SIEGBURG · Seit Jahrzehnten malt und zeichnet Hermann Josef Hack auf Zeltplanen, dem Material der Nomaden und Flüchtlinge. Neuerdings geht der Künstler mit seinen großformatigen Bildern in die dritte Dimension, indem er sie zu "bewohnbaren Bildern" umwidmet, unter denen Flüchtlinge eines syrischen Flüchtlingslagers in Jordanien demnächst konkret Schutz suchen können.

"Als Künstler kann ich den Flüchtlingen nur mein Wertvollstes anbieten: meine Bilder", erklärt Hack.

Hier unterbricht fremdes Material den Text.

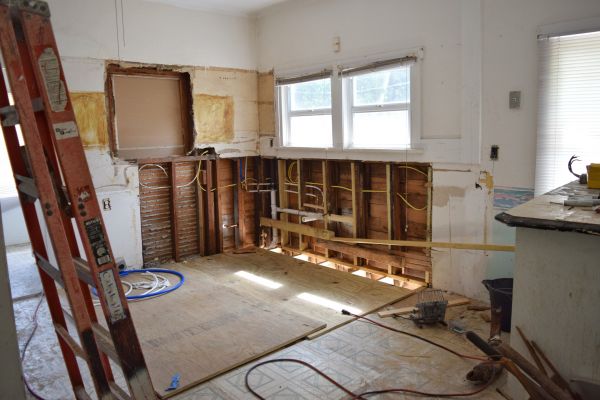 Bathroom Demolition in Massillon
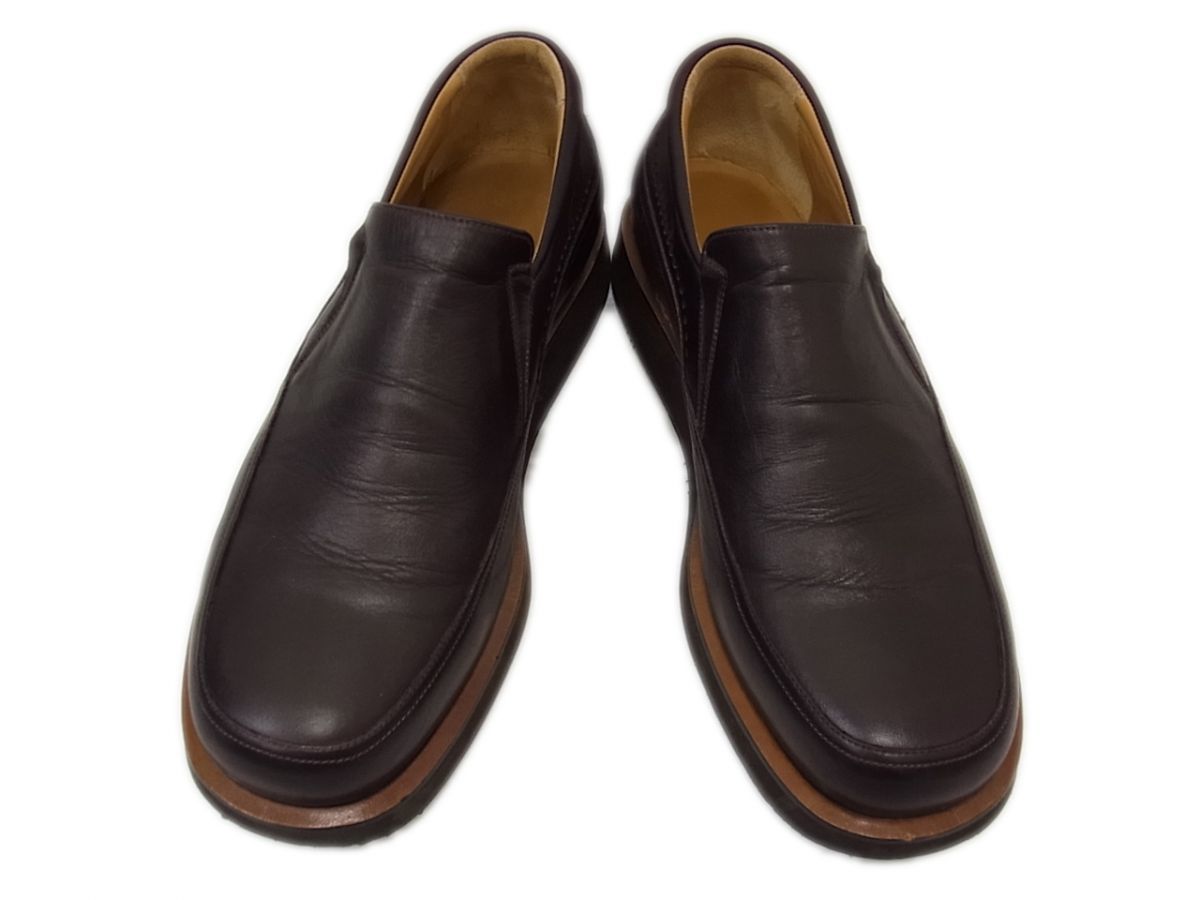 1円 バリー スリッポン メンズシューズ レザーシューズ 革靴 紳士靴 イタリア製 Bally ダークブラウン その他 売買されたオークション情報 Yahooの商品情報をアーカイブ公開 オークファン Aucfan Com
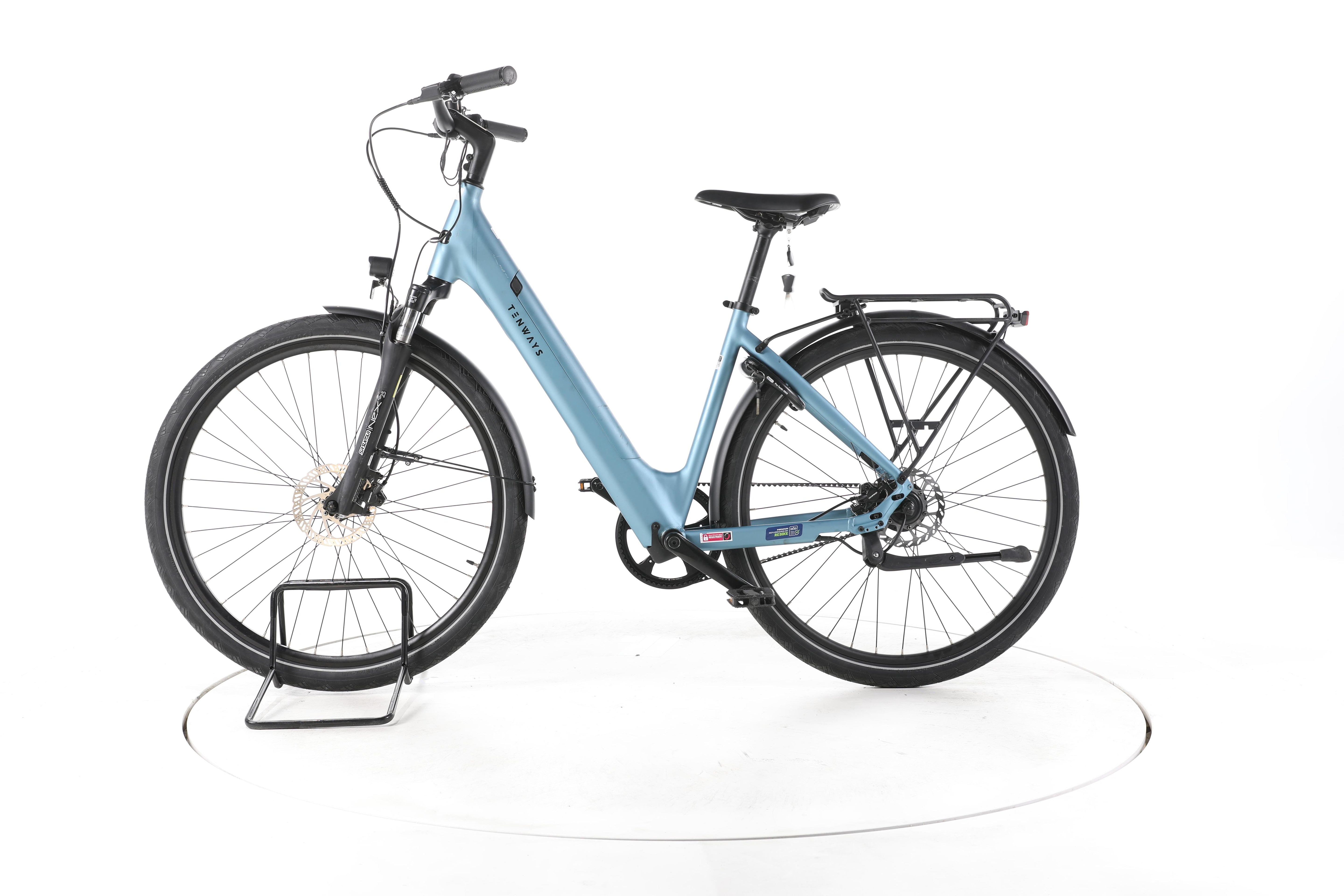 TENWAYS CGO800S City E-Bike Tiefeinsteiger - Image 7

Bevor er aus diesen Planen in einer Aktion am UN-Weltflüchtlingstag (20. Juni) vor dem Reichstag in Berlin Notunterkünfte errichtet, zeigt der Siegburger sie jetzt vorab zusammen mit neuen Arbeiten auf Papier in der Ausstellungshalle des Jungen Forums Kunst.

Die Schau steht unter dem Titel "Heim-Spiel", der laut Hack "nicht nur der aktuellen Fußballweltmeisterschaft geschuldet", sondern vor allem aus zwei wichtigen Begriffen zusammengesetzt ist, die sein Werk durchziehen: "Das Thema 'Heimat' beziehungsweise der Verlust derselben sowie das Spiel mit Möglichkeiten, neue Wege bei den globalen Herausforderungen zu finden", so Hack.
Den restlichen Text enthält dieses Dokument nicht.